角川 新しいビジネスがいくらでもできるよね、次から次へと。ぼくらの時代はそれぞれの業界でトップが頂点に君臨していて難しかったんだよ。ヒエラルキーが確立していたから。トップ企業への挑戦はヒエラルキーそのものに対しての挑戦だった。それ自体が高い山であり、強固な産業秩序が機能していた。そこに今日でいうイノベーションといわれる破壊と創造が起った。

 当時はヒエラルキーがあると、トップにいることで得られる収益だけではなく、ヒエラルキーの一部であることで収益を得られた。それが産業界のふしぎなところだ。問題は収益を享受するのがトップだけじゃないこと。いちばん悪いのは準トップだよ。

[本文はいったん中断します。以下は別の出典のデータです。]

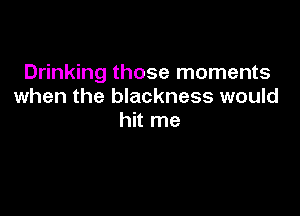 Drinking those moments
when the blackness would

hit me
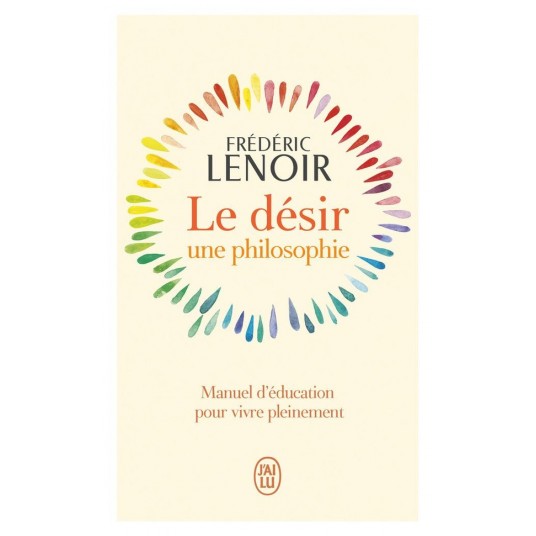 LE DESIR, UNE PHILOSOPHIE
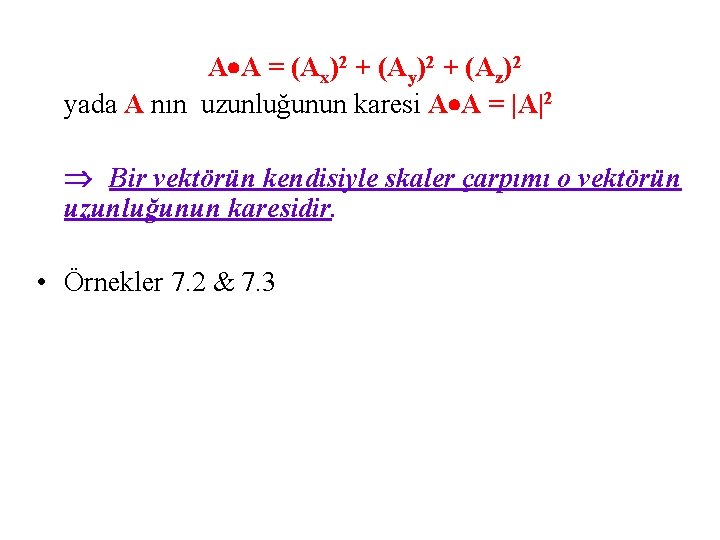 A A = (Ax)2 + (Ay)2 + (Az)2 yada A nın uzunluğunun karesi A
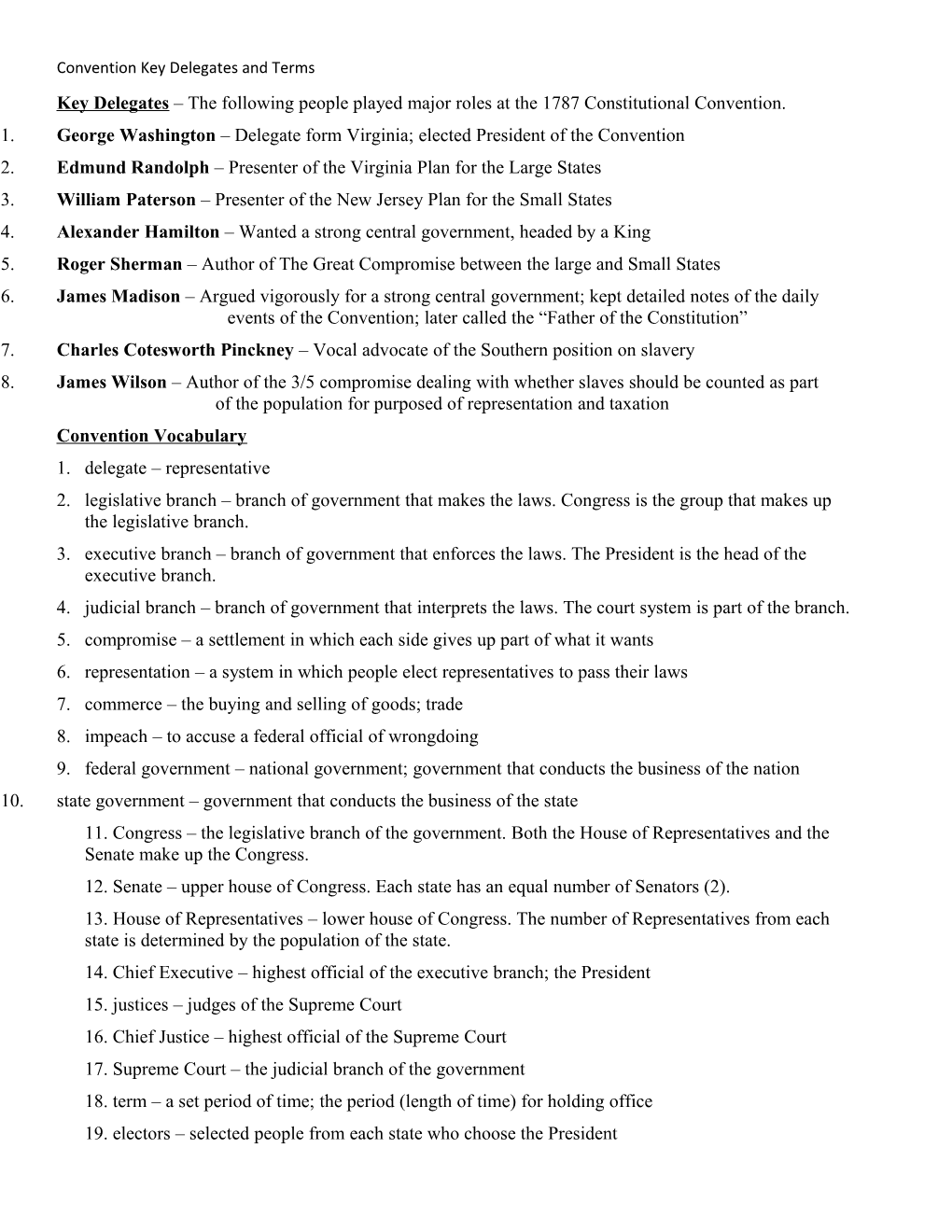 Convention Key Delegates and Terms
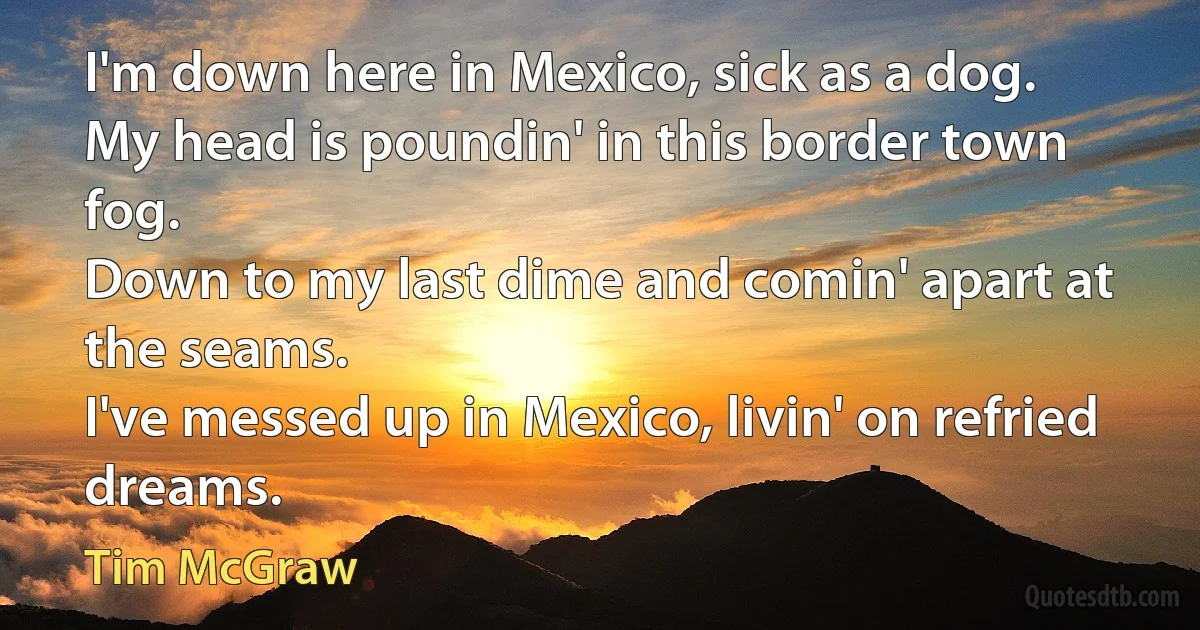 I'm down here in Mexico, sick as a dog.
My head is poundin' in this border town fog.
Down to my last dime and comin' apart at the seams.
I've messed up in Mexico, livin' on refried dreams. (Tim McGraw)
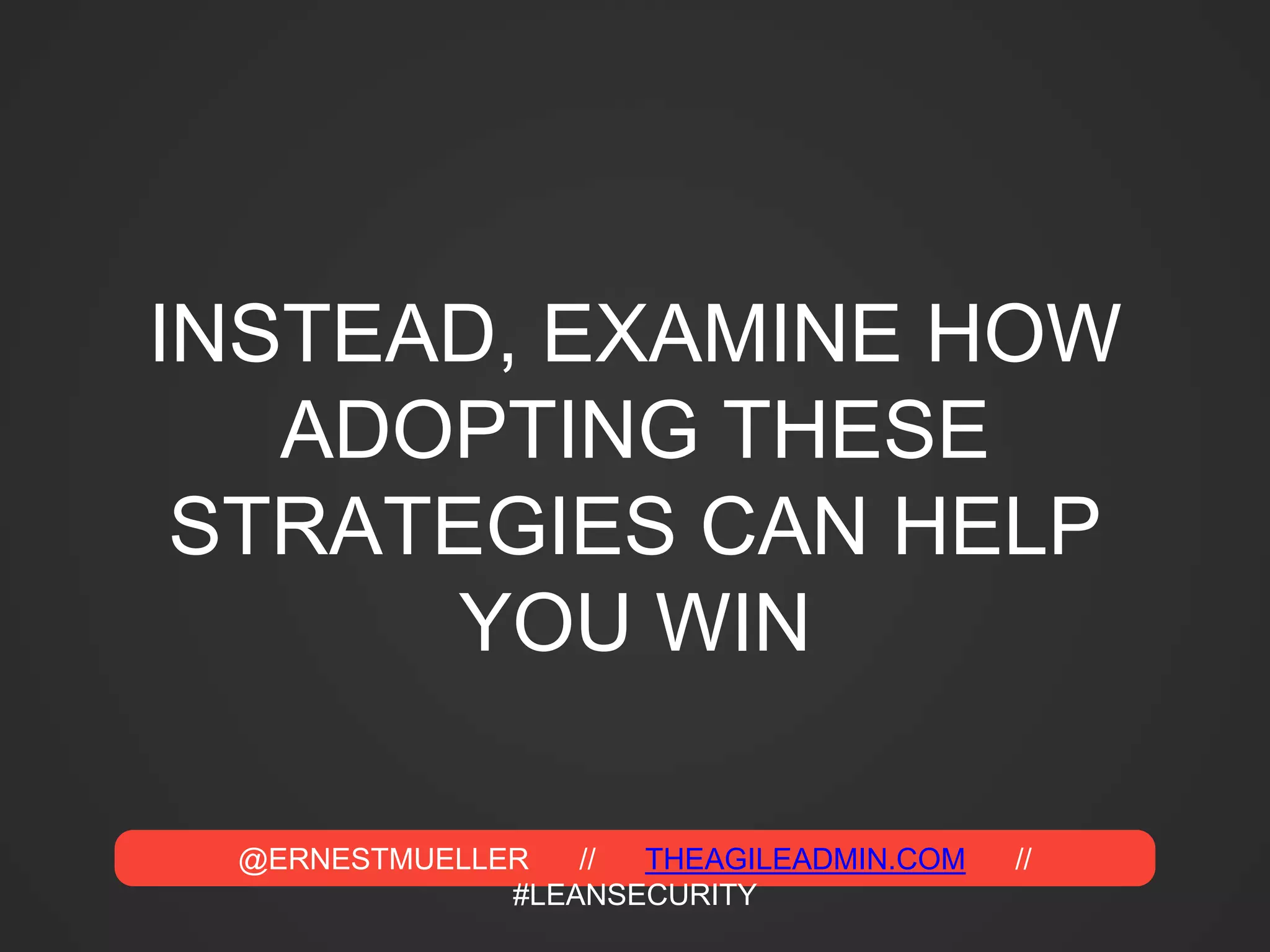 @ERNESTMUELLER // THEAGILEADMIN.COM //
#LEANSECURITY
INSTEAD, EXAMINE HOW
ADOPTING THESE
STRATEGIES CAN HELP
YOU WIN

 2番手がトップ企業をまねて、ヒエラルキーをつくってきた。体制を壊されたら困るから、下からヒエラルキーを破壊しようとするような、順位を変えようとするようなことは困るというわけだ。

 そのなかで順位を上げていく行為は、イノベーションよりはるかに難しかった。歓迎する雰囲気がまったくなかったからね。

 イノベーションはつねに業界外の人間からもたらされる。内部で束縛されないところから生まれてくるでしょ。イノベーションは外部から起きるもの。イノベーションはレボリューション(革命)につながる言葉だけど、内部から改善・改革を怠ると、外の人が革命を起こす。そういう革命、イノベーションは常に体制のないところから生まれてくるものだから、逆に言うとベンチャーはラクなんだよね。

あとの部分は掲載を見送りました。